The Rideau Canal was constructed between 1826 and 1832 under the supervision of Lieutenant Colonel John By of the Royal Engineers. The canal provided a secure, defensible supply route from Montreal to Kingston, an alternative to the St Lawrence River in the uneasy years following the War of 1812.
The canal has gone through three different eras in its history. The military period began with its construction but slowly declined over the next couple of decades. Never actually used for military purposes, it soon became a commercial waterway. Timber, potash, feldspar, mica, iron ore and phosphate were transported along the canal by steamer and barge, with destinations such as England, New Jersey and Montreal. In the 1850s, the advent of the railroads provided a quicker and more economical form of transportation, thus causing a declining use of the canal for a brief period. The 1880s heralded the recreational period, with numerous excursion steamers ferrying loads of travellers and sightseers along the length of the canal and into the lakes it traverses.
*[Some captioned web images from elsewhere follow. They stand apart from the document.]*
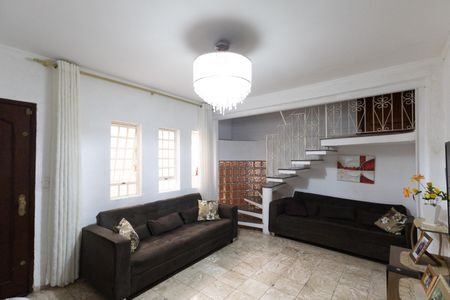 Casa à venda com 185m², 5 quartos e 1 vaga Casa à venda com 185m², 5 quartos e 1 vagaSala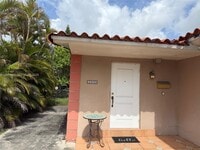 Building Photo - 2862 SW 38th Ave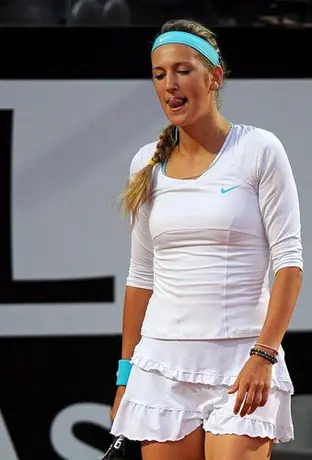 Sharapova, en semifinales de Roma tras el abandono de Azarenka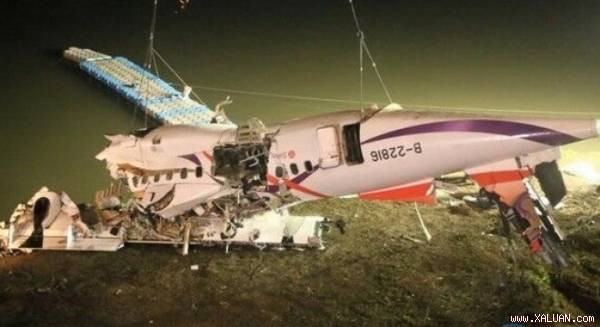 Tiết lộ mới nhất vụ máy bay Đài Loan rơi xuống sông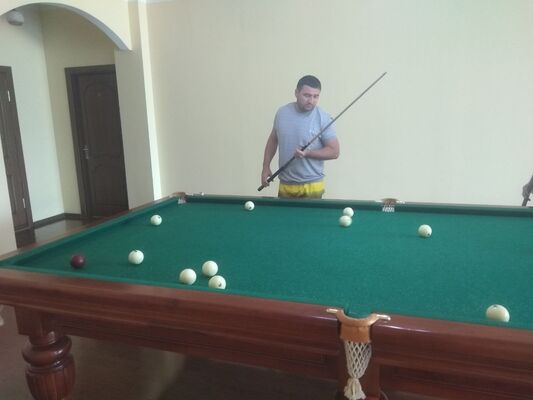  ,   Zuxiriddin, 35 ,  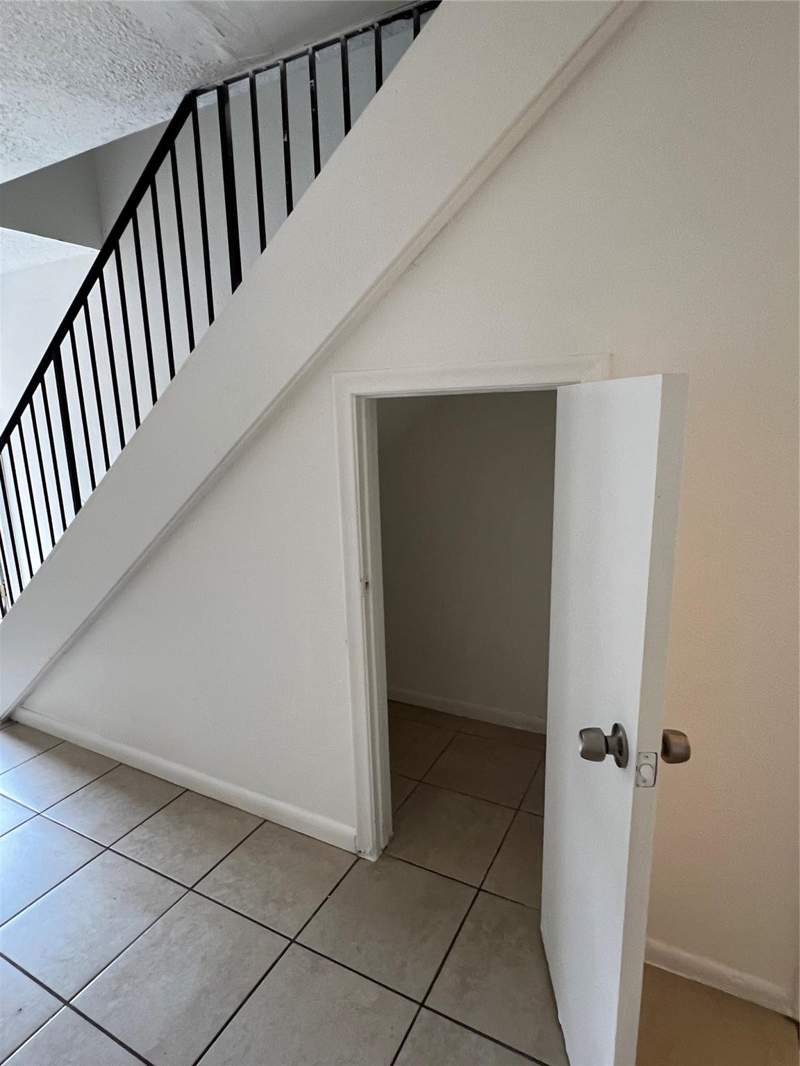 2 bedroom Condominium at 2442 NW 52nd Avenue, Century Garden Condo, Lauderhill — photo 4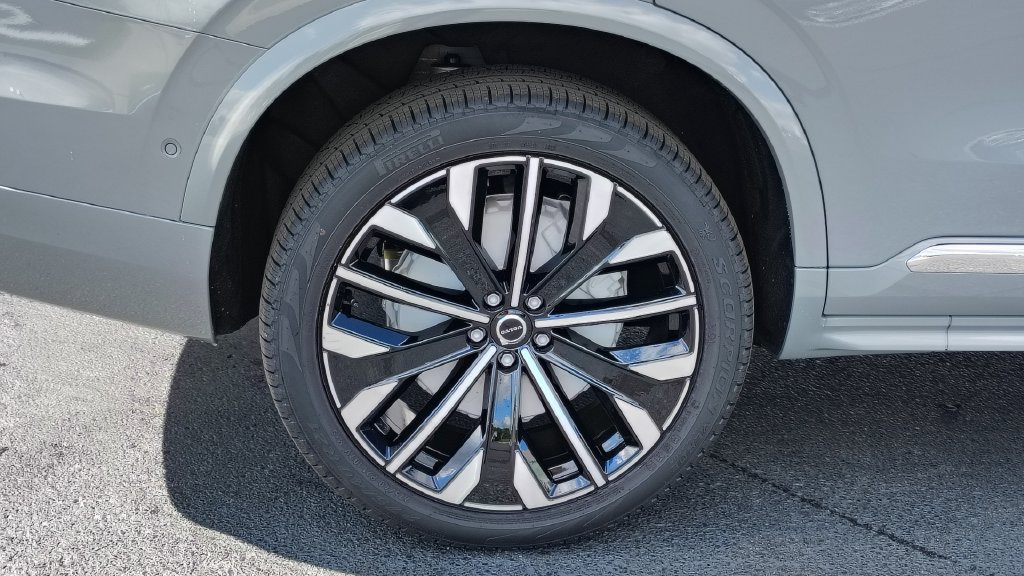 New 2026 Volvo XC90 B6 Plus AWD/4WD image 32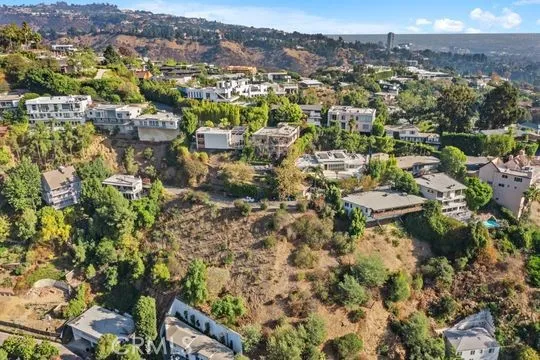 1417 Claridge Drive Beverly Hills, CA 90210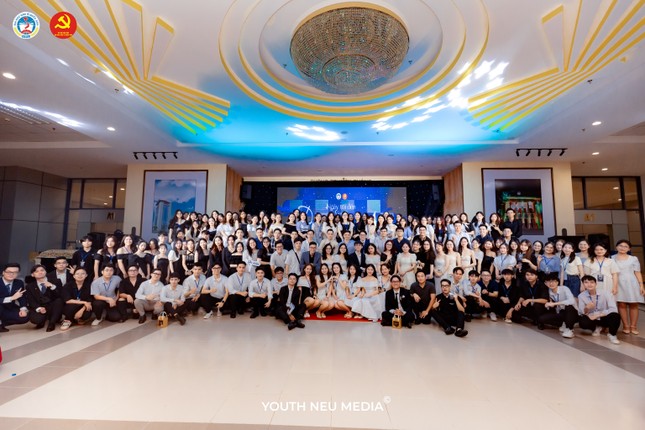 Nữ Bí thư Chi bộ Sinh viên Trường Đại học Kinh tế Quốc dân gương mẫu, phát huy sức trẻ trong Tháng Thanh niên ảnh 3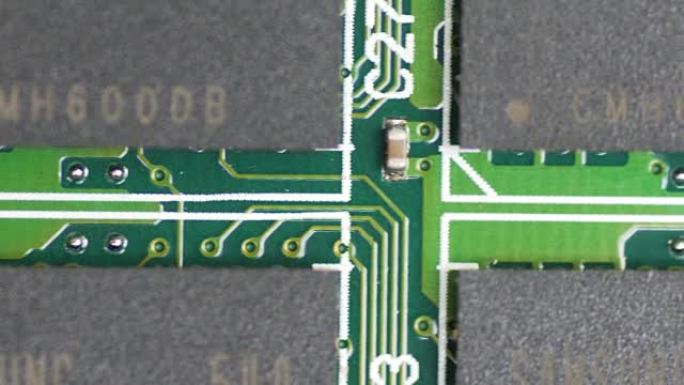 Pcb板微电路由微距透镜关闭，由多莉滑动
Today, the canal continues to be an international recreational attraction, both by water and by land.
One of 24 lockstations, Ottawa Locks, with its flight of eight locks is more than just an item of passing historic interest. These locks represent an amazing engineering achievement in the middle of the Canadian wilderness of the early 19th century and became the focus around which the city of Ottawa grew. The locks connect the channel of the Rideau Canal in Ottawa to the Ottawa River, almost 24m below. In September 1831, the steamboat Union was the first vessel to pass through the Ottawa Locks.
But not a Timbit in sight!
And little Puffles and Honey looked everywhere 🙂
The search for Timbits was temporarily forgotten, as Puffles and Honey tried the Capri Pesto, Sicilian and Carbonara Pizza from Fiazza.
Back on the search trail…
Puffles and Honey came across the Great Hall at the National Gallery of Canada.
The Gallery is housed in a glass and granite building on Sussex Drive with a notable view of the Canadian Parliament buildings on Parliament Hill. The building was designed by Moshe Safdie and opened in 1988. It is one of the most striking landmarks in Ottawa.
But not a Timbit in sight!
Next to the Gallery, Alexandra Bridge spans the Ottawa River between Ottawa, Ontario and Gatineau, Quebec.
Great photo opportunities 🙂 but still no Timbits.
Little Puffles and Honey found a cool place to rest, the Fountain Room at National Arts Centre.
It looked like a place for exploration!
This chair is very comfy and just the place to rest after climbing so many stairs looking for Timbits!
Oh no, this is the Redemption leitmotif from Wagner’s Ring! And the door is closed, we can’t escape!
We can’t escape this way either…
Little Puffles and Honey found themselves at the final performance of the 2015-16 season, as Music Director Alexander Shelley and the National Arts Centre Orchestra performed music from Wagner’s transcendent Tristan und Isolde with Henk de Vlieger’s symphonic work entitled An Orchestral Passion. Colin Currie, one of the world’s finest percussionists, performed as soloist in Christopher Rouse’s adventurous Der Gerettete Alberich (or “Alberich Saved”), which incorporates the motifs from Wagner’s 16-hour series of operas The Ring of the Nibelungen.
Lots of beautiful music, but still no Timbits 🙂
Puffles what are you doing?
I’m going to wait here until Tim Hortons opens to get Timbits!
Tickles, you have Timbits for us! We looked everywhere all day!